Segment Open
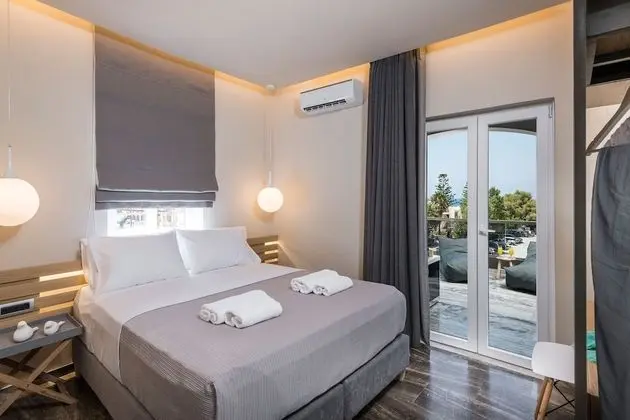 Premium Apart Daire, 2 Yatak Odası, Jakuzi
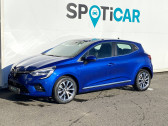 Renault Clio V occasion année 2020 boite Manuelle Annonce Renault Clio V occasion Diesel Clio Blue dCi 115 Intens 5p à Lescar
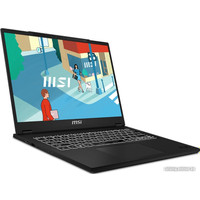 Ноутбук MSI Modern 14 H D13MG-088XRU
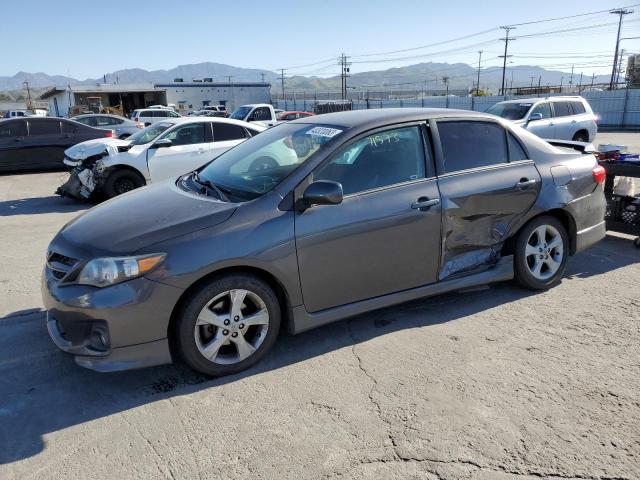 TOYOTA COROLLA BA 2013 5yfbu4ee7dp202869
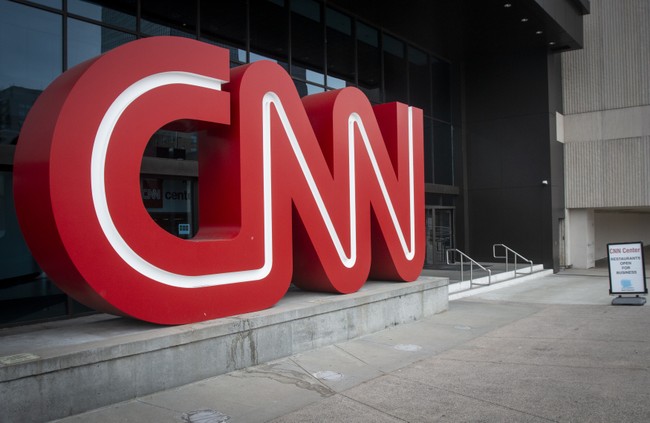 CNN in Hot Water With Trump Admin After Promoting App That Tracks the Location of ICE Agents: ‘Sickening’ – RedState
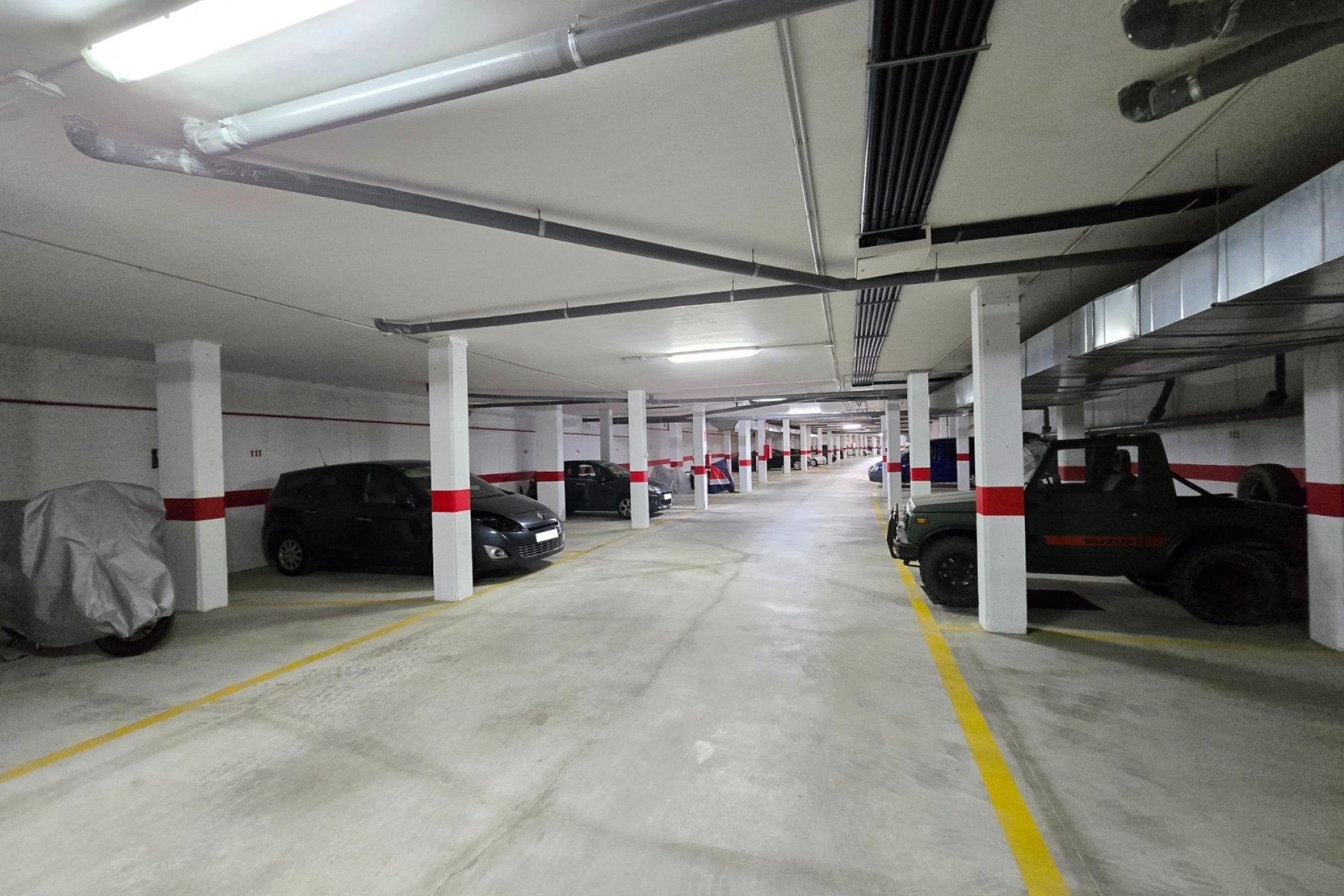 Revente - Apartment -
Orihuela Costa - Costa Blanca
Segment Closed
Segment Open
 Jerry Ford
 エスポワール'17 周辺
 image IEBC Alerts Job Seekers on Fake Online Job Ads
Segment Closed
• _Task prompt_
Would you please reproduce the entries above, starting at the line with "Premium Apart Daire, 2 Yatak Odası, Jakuzi" and stopping after the line with "Orihuela Costa - Costa Blanca"? Omit any pictures.

• _Response_
 Premium Apart Daire, 2 Yatak Odası, Jakuzi
 Renault Clio V occasion année 2020 boite Manuelle Annonce Renault Clio V occasion Diesel Clio Blue dCi 115 Intens 5p à Lescar
 Ноутбук MSI Modern 14 H D13MG-088XRU
 TOYOTA COROLLA BA 2013 5yfbu4ee7dp202869
 CNN in Hot Water With Trump Admin After Promoting App That Tracks the Location of ICE Agents: ‘Sickening’ – RedState
 Revente - Apartment -
Orihuela Costa - Costa Blanca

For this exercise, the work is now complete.